Zimbabwe is likely to receive less than average rainfall leading to a drought in the 2023/24 cropping season due to the El Niño climate phenomenon.
El Niño refers to a warming of the ocean surface, or above-average sea surface temperatures, in the central and eastern tropical Pacific Ocean.
El Niño can make extreme weather events more likely in certain regions, including extreme heat, droughts, storms and flooding.
A drought will most likely slow down Zimbabwe’s economic growth projections, trigger higher food prices and stoke inflation.
The World Meteorological Organisation (WMO) in July this year declared the start of El Niño.
WMO estimated there is a 90 percent probability of the El Niño event persisting through the second half of the year and it is expected to be “at least moderate strength”.

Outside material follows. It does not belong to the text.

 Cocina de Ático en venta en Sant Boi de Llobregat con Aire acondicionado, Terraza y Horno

According to the UN weather agency, El Niño occurs on average every two to seven years in episodes lasting nine to 12 months.
Zimbabwe, Mozambique and Madagascar are listed among countries in Southern Africa as highly exposed nations to El Niño.

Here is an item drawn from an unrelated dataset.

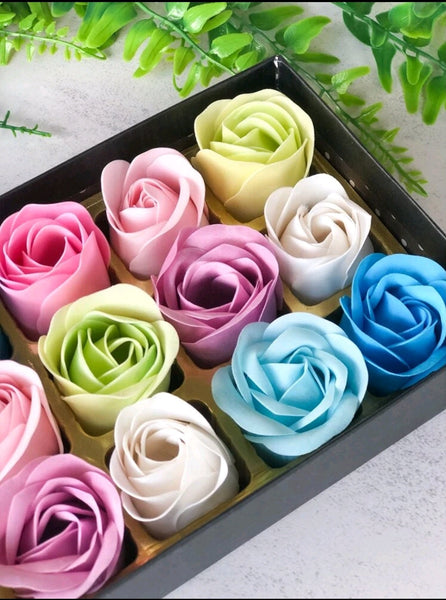 Bath Soap Rose Flower Floral Scented Rose Soap Petals Body Soap in Gift Box for Valentine's Day Anniversary Birthday Mothers Day Gifts, Gift for Her (18 Pcs/Box MultiColour)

According to ACAPS, a non-profit, non-governmental project that provides international, independent humanitarian analysis:
Zimbabwe is a country that requires close monitoring and where the effects of El Niño may lead to negative outcomes or generate humanitarian needs.

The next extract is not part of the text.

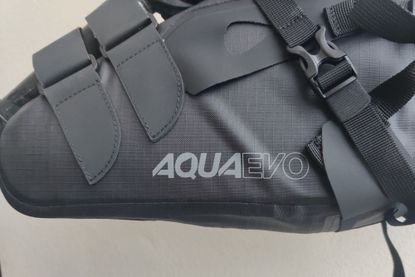 Oxford Aqua Evo Adventure Seat Pack review - top-notch waterproofing ...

Forecast models anticipate the possibility of below-average rainfall towards the end of 2023, particularly in the central and southern regions.
Such forecasts would affect the region’s planting seasons, increasing the possibility of hardened drought conditions and affecting the country’s crop production, livestock and food security.
This forecast would pattern with previous El Niño events in Zimbabwe. In 2015–2016, an El Niño-driven drought affected most of Zimbabwe.
Below-average rainfall during the usual growing season led to crop failure, increased food prices, and heightened levels of food insecurity throughout the country.
Meanwhile, La Niña refers to the periodic cooling of sea-surface temperatures across the east-central equatorial Pacific and the weather phenomenon is associated with wetter summers in Zimbabwe.